Just as simple as this, you should need to learn at every Anaheim school. But I didn’t know about it until Orange Coast College in Costa Mesa in the late 1990s. I was doing a research project on hate crimes, and when I stopped by black and white photographs of clan members in their horrifying robes marching through town, I was reading a book about clans. That same photo was featured in my high school history textbook, but there was a caption that didn’t mention any particular locale.
Now there was another caption in the photo: Anaheim, California, in the 1920s.
In 2016, a clash was being held during a White Life Matter protest outside Pearson Park in Anaheim, where KKK members were involved.
(Luis Sinco/Los Angeles Times)
My city never wavered its reputation as “Kranahem” as politicians and residents continued to racist segregate even if Kran’s memories disappeared. The pool I had been stirring up a long time ago? Until the 1950s, minorities could only swim the day before they were drained. Cactus Garden? It was created by former Parks principal Rudy Boyen, best known for inventing the delicious berries that bear his name, but the Mexicans are placed in a fenced section of the park until activists sued him. I’ve locked it up.

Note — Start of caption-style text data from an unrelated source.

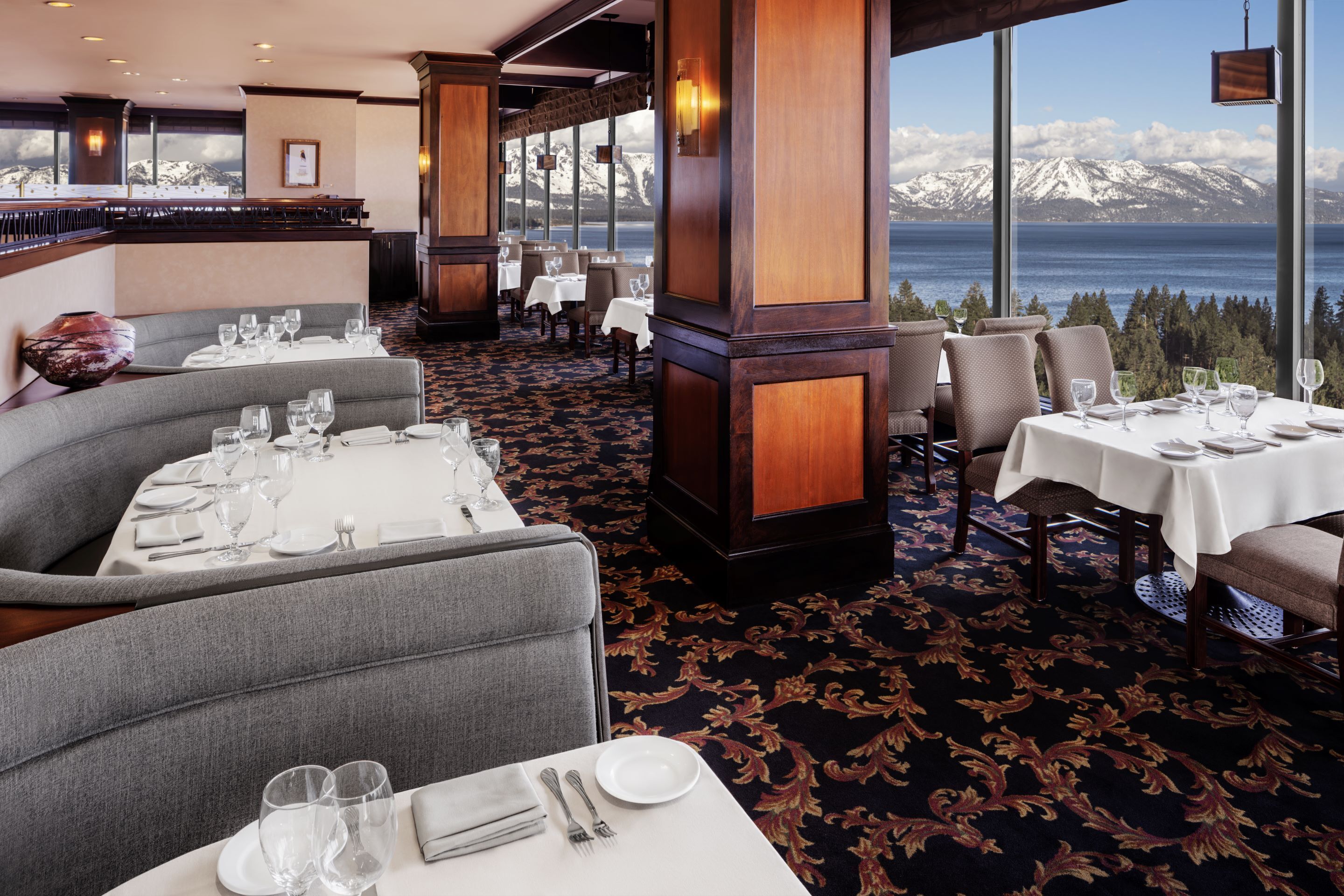 Un ristorante con tavoli apparecchiati per la cena, un'area bar e vista sulle montagne innevate.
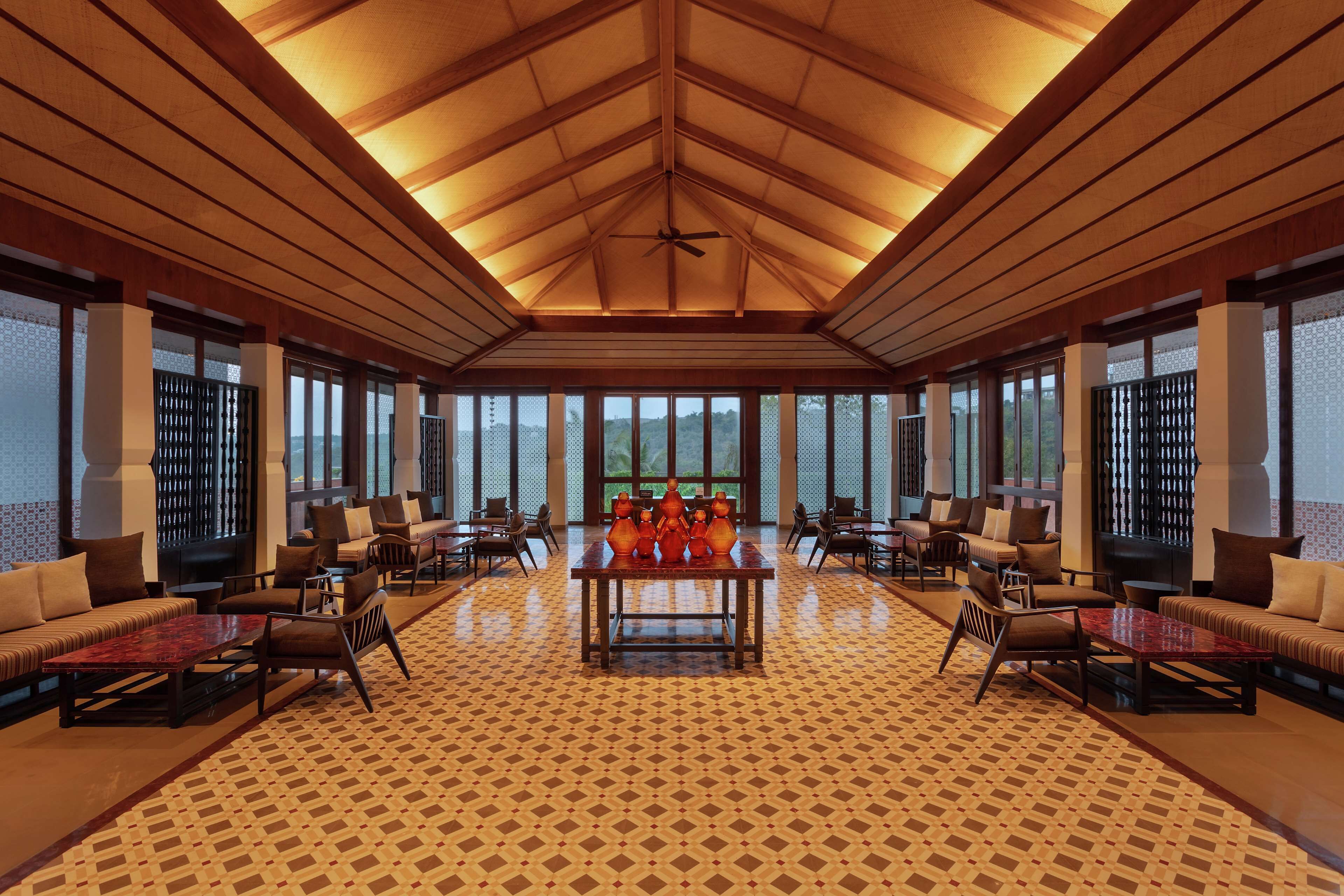 A spacious lobby with a high ceiling, a central table with decorative vases, and seating arrangements.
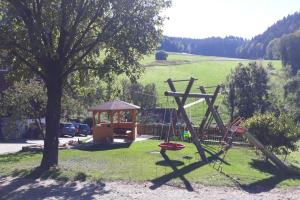 un parque infantil con un árbol y un cenador en Geigerbauernhof, en Mühlenbach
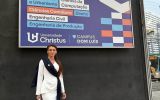 Uczestniczka wizyty akademickiej przed budynkiem Universidade Christus – Campus Dom Luís w Brazylii, na tle tablicy informującej o kierunkach studiów.
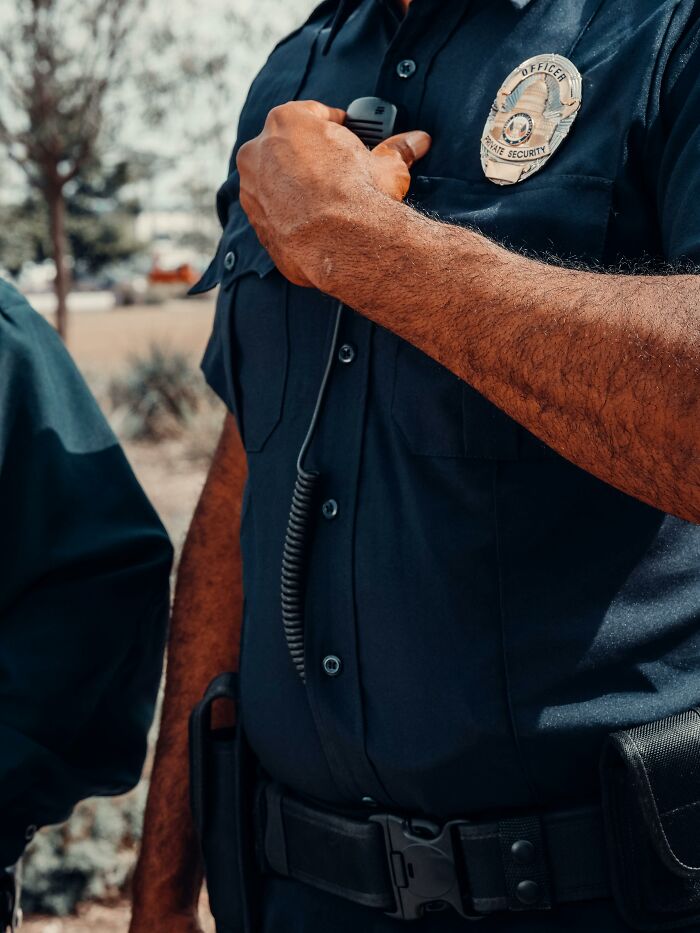Undercover cop holding a radio, uniform details visible, highlighting intense and secretive police work.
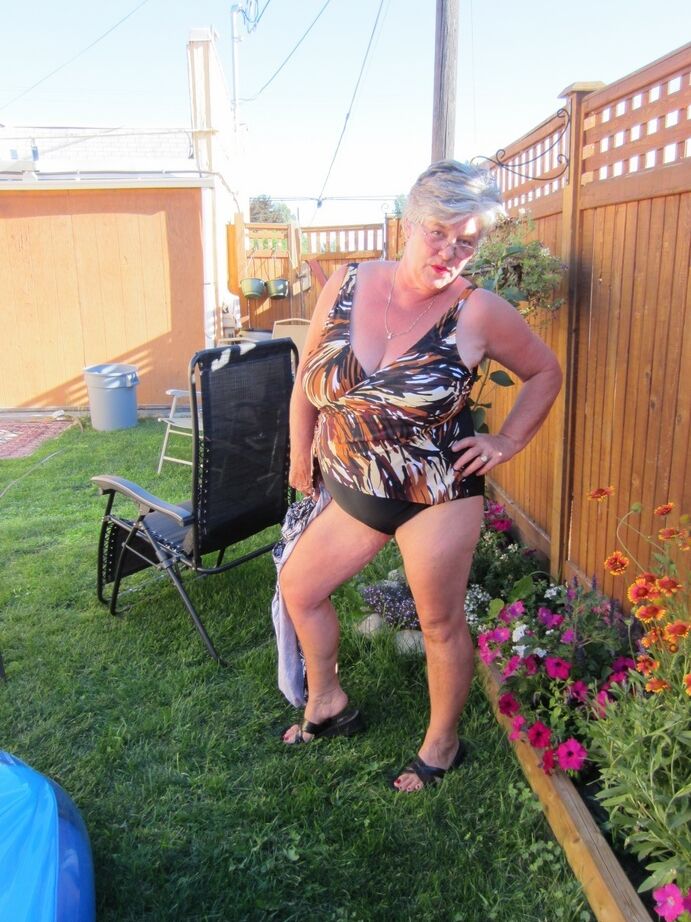 20P Fatty mature granny Girdle Goddess peels to enjoy wading pool skinny dip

The Mexican-only school was born after Klan resigned and the city council and school board passed an anti-immigration initiative in the 1990s. Neo-Nazi Rock Bands were free to pass on CDs of crappy music at Angel Stadium in the 2000s and played secret concerts at local bars for the past decade. Like in 2016, a new generation of clans held a “White Live Matter” rally at Pearson Park, driven by a major failure that attracted attention from around the world.
Evil does not disappear like that. What happened in Anaheim a century ago shows how to fight tyranny and white hegemony. If that’s not a lesson we think is important, I wish all of us good luck.